Aujourd'hui, un petit nombre de prémontrés poursuit la vie cénobitique et le travail pastoral. La merveilleuse abbaye, avec son oasis d'étangs, de prés, de drèves, de vergers, de jardins et zones forestières, l'intérieur demeuré intact du cloître, la bibliothèque conventuelle qui fut en grande partie reconstruite après 1836 (et qui contient plus de 6.000 anciennes éditions), les vieilles archives qui sont très bien conservées (1129 - 2005), l'extraordinaire collection oeuvres d'art, les beaux plafonds en stuc… sont autant d'éléments d'un patrimoine culturel particulièrement précieux.
La conservation de ce patrimoine est une lourde tâche que les prémontrés ne sauraient assumer tout seuls. Aussi l'asbl Abbaye du Parc a-t-elle donné de grandes parties du domaine en emphytéose à la ville de Leuven : la basse-cour, les portes, le moulin à eau, les terres correspondantes et quatre étangs. Les prémontrés se chargent toujours de la gestion de l'église et du couvent. A terme, d'importantes parties du cloître accueilleront le Centre d'art et de culture religieux de la Flandre. Musée de l'Abbaye du Parc. La remise pour chariots a été donnée en emphytéose à l'organisation "Aide à l'Église en détresse", qui a des liens avec les prémontrés.
La conservation de l'unique ensemble constitué par l'Abbaye du Parc demande du temps, de la concertation et de l'argent. Protection, restauration et valorisation sont les mots-clés de ce projet ambitieux. Les bases en ont été jetées par les partenaires: les prémontrés, la ville de Leuven, le Musée d'art et de culture religieux asbl, les Amis de l'Abbaye du parc asbl, la province du Brabant flamand, l'Université catholique de Leuven, la Communauté flamande… D'après de prudents pronostics, l'abbaye et le domaine de celle-ci aura recouvré vers 2012 un rayonnement comme au 17e siècle, mais adapté aux besoins du 21e siècle. L'ouverture du domaine et les infrastructures utilitaires seront adaptées, tandis que les bâtiments seront restaurés. La plupart des bâtiments historiques recevront une nouvelle destination adéquate en tant que musée, centre d'accueil, espace d'exposition, ou établissement horeca, en fonction du caractère du site...
Les environs des bâtiments de l'abbaye, qui ont une grande valeur en termes de paysage et d'écologie, seront intégrés par la ville de Leuven dans la restauration du domaine.

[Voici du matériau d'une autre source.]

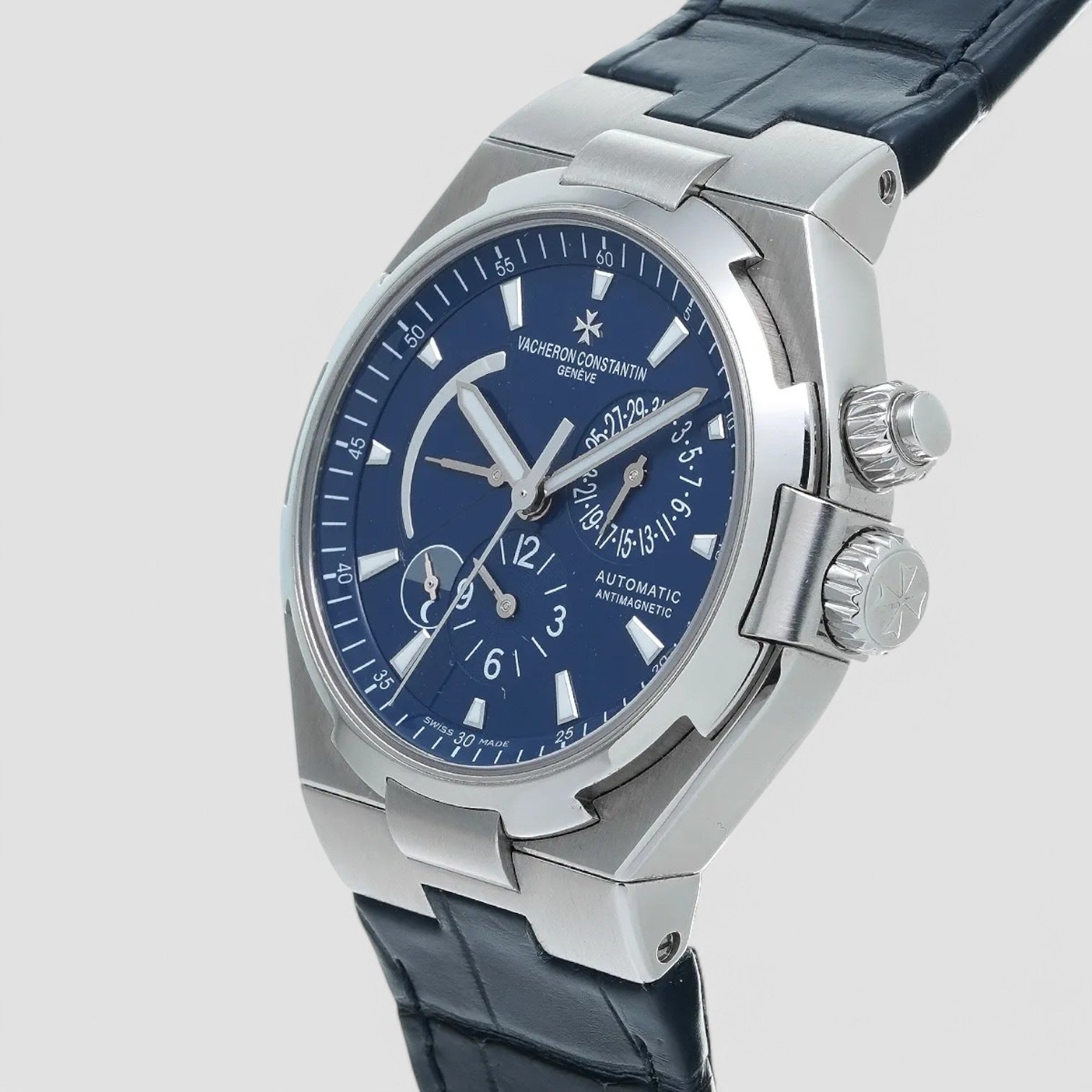 Overseas 47450 Dual Time SS Blue Dial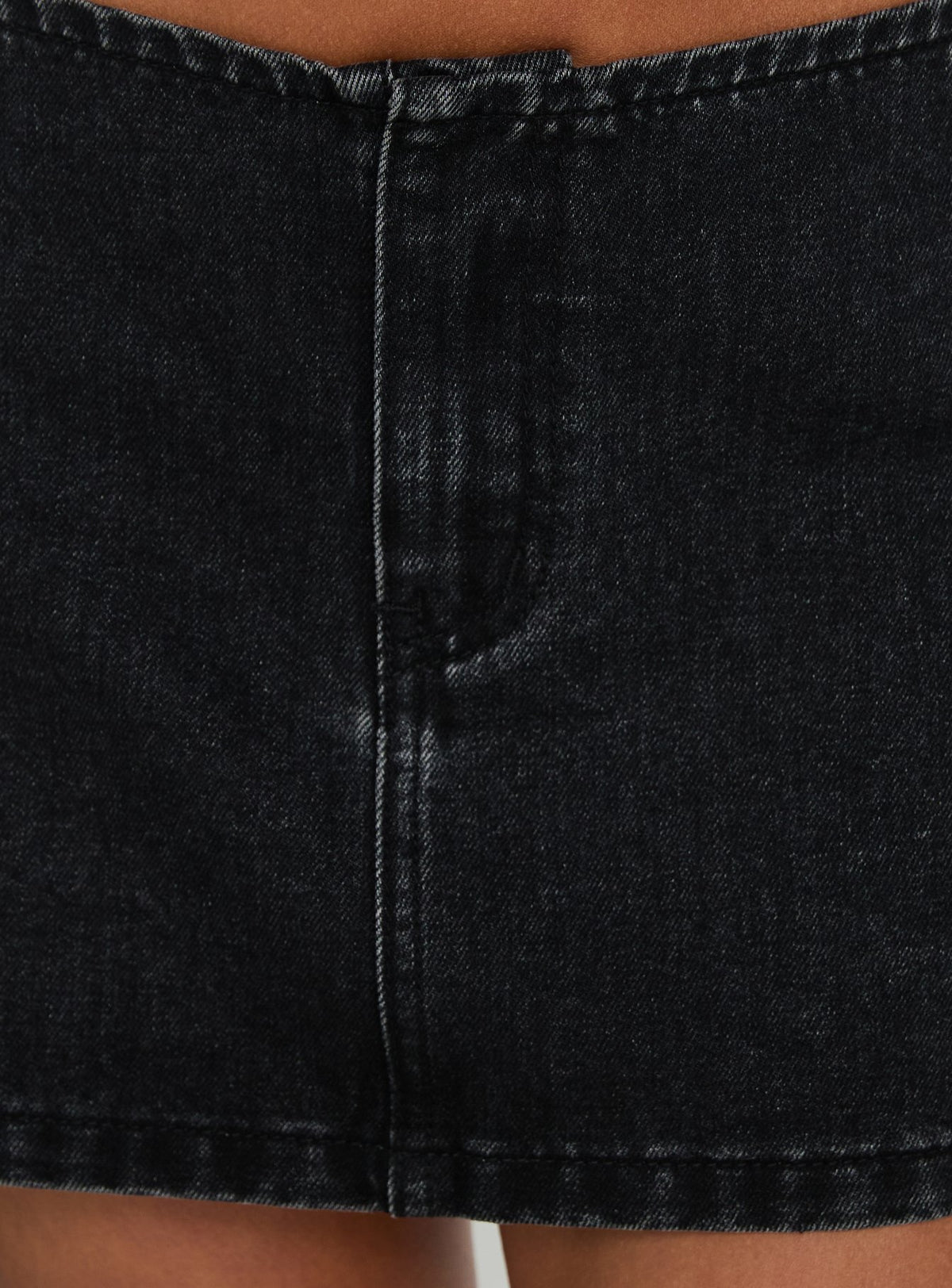 Adoriah No Waist Micro Mini Skirt Washed Black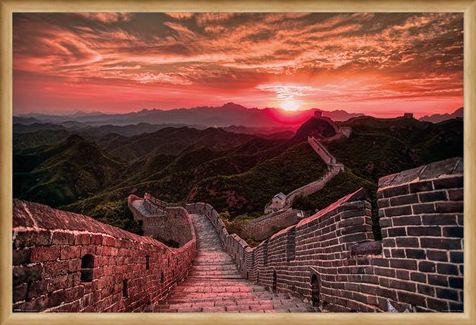 Framed Framed The Great Wall Of China Sunset - Travel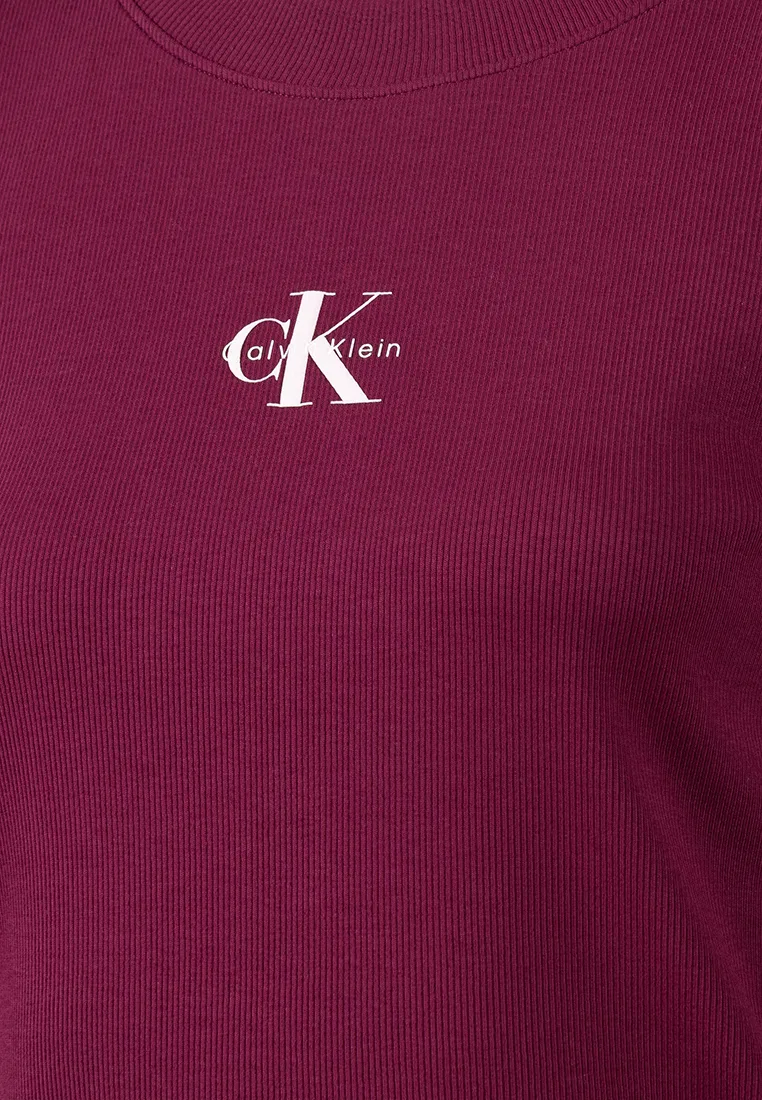 Футболка с длинным рукавом, с логотипом Monogram, Calvin Klein Jeans, ягодный — фото 3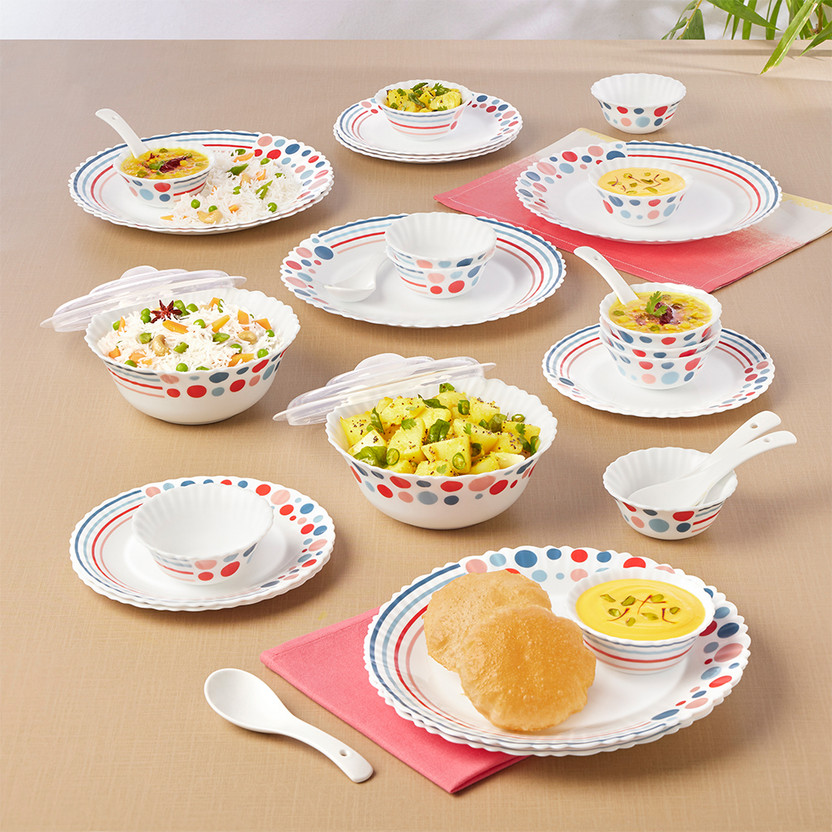 Larah by Borosil Pack of 34 Opalware Galaxy Pastel Crockey Set fo...more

On envisage la réalisation d'un "poumon vert" et d'une zone de récréation douce qui respecte les valeurs de la nature et du paysage. Les étangs seront gérés en tant que réserve naturelle. Au nord de l'abbaye, dans la zone triangulaire entre les lignes de chemin de fer, on prévoit une zone tampon verte comprenant un parc boisé, des pâturages et des prés pour courir. Des sentiers supplémentaires faciliteront largement l'accès.